For a growing number of people, that means the Free Clinic, which gets none of the state's Care Assurance money and little public funding for its medical programs. Long reliant on the generosity of local hospitals, the Clinic is also feeling the pain of their streamlining and closures. Mt. Sinai used to conduct free X rays for Clinic patients. Until June, UH did its lab work without charge.
The loss of that lab service -- valued at $150,000 a year -- has put a substantial strain on the Clinic's $2.1 million budget. "It will now be necessary to cut test ordering to the bone," Cubberley told his staff in a letter. The Clinic is paying UH a discounted rate for lab work while searching for a better deal. In the meantime, the Clinic is managing the crisis the way it has so many others: Whatever it can't pay for, it simply does without.
If the local health care crisis continues to escalate, that may one day include patients.
Holding the Line
At the moment, latecomers turned away from the Free Clinic can simply come back tomorrow.

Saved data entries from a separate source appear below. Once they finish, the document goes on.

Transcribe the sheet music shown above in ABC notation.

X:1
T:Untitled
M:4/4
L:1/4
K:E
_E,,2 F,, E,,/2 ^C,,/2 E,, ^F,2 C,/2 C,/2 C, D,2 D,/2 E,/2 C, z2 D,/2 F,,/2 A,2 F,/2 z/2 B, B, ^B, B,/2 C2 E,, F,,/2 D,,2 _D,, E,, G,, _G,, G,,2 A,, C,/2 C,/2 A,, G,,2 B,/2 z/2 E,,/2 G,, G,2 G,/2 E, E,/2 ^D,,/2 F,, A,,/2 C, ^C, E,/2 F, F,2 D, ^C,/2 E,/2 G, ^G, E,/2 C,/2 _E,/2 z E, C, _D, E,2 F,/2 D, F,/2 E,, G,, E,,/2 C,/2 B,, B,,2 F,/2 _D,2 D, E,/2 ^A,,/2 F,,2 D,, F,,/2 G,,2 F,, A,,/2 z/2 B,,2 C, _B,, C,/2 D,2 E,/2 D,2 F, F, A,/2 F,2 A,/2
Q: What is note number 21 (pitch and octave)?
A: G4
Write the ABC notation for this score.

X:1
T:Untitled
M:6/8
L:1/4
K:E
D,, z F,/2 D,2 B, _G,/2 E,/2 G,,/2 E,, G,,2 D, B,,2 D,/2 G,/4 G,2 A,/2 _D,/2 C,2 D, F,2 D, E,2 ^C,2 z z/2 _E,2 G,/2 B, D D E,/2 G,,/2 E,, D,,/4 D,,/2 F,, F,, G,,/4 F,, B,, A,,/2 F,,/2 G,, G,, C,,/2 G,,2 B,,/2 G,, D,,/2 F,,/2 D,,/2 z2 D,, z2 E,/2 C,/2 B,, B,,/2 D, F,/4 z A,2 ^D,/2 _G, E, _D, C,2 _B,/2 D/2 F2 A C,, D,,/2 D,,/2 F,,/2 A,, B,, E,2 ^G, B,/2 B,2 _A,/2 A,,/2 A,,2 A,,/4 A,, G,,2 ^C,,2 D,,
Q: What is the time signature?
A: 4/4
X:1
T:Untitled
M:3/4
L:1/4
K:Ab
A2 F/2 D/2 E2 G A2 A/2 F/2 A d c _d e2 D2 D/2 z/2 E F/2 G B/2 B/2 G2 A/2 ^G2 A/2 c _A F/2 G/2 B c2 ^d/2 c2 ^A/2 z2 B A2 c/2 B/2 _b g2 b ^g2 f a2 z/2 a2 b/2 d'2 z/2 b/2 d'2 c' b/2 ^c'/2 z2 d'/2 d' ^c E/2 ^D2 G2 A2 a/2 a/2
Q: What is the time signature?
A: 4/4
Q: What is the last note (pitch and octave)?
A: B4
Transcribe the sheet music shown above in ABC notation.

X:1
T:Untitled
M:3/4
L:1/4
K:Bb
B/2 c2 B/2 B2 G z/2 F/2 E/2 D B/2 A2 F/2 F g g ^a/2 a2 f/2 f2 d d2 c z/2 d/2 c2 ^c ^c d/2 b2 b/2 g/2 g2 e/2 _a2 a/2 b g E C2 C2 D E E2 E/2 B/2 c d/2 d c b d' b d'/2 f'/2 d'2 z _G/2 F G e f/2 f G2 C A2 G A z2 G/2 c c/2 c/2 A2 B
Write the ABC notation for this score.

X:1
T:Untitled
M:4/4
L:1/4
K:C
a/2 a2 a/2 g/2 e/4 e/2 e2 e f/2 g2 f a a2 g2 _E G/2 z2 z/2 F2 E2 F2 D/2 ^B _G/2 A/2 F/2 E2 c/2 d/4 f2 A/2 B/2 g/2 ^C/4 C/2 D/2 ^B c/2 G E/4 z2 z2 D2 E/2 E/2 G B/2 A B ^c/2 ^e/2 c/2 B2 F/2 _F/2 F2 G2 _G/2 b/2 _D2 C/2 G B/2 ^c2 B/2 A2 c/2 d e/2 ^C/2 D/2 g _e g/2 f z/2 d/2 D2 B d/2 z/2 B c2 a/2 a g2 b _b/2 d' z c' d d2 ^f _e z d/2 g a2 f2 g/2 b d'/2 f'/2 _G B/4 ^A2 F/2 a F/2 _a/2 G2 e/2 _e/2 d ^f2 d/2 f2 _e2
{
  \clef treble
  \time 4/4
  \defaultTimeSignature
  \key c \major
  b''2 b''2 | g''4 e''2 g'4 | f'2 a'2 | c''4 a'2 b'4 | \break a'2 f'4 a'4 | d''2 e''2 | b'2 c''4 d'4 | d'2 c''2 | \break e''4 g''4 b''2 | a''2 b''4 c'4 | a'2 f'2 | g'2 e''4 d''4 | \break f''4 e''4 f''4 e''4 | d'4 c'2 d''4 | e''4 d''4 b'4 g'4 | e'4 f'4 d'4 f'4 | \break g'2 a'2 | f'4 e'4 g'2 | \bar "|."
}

But it's not certain how long tomorrow will remain an option for everyone.
Until recently, the only questions the Clinic asked its patients were in reference to their health. Now the intake volunteers make them fill out surveys that ask about their income and insurance status. This is being done because the Clinic may eventually have to turn away all but the truly uninsured, leaving the underinsured, who can't afford co-pays for doctor visits or prescriptions, nowhere to go.
"We are fast approaching that point where some people won't be able to be treated because they have insurance," says Hiller.
Even if the Clinic succeeds in raising the full $7.5 million of its aptly named "Meeting the Challenge" campaign, that won't eliminate the dilemmas of rising health care costs and increasing patient load. As long as charity care keeps eroding, the Clinic will keep shouldering a disproportionate and growing health care burden.
The original goal of the Free Clinic hasn't changed -- supporters still wish it could go out of business. But until and unless the health care system is reformed, the staff will keep trying to serve as many people as possible.
Certainly the Clinic has survived tough challenges before. To keep it running at various points in its colorful history, Clinic workers have resorted to holding street fairs and sacrificing their own jobs and programs. Once they even guilted a roomful of irate bankers into giving them a loan, despite the Clinic's sorry credit record.
"The Clinic has demonstrated that we're going to survive," Cubberley says. "But while we're going to survive, we can't do it all ourselves."
As hospitals continue to close, and insurance coverage continues to shrink, all the Free Clinic can do is treat the newest victims of the health care crisis -- and keep hoping for a revolution.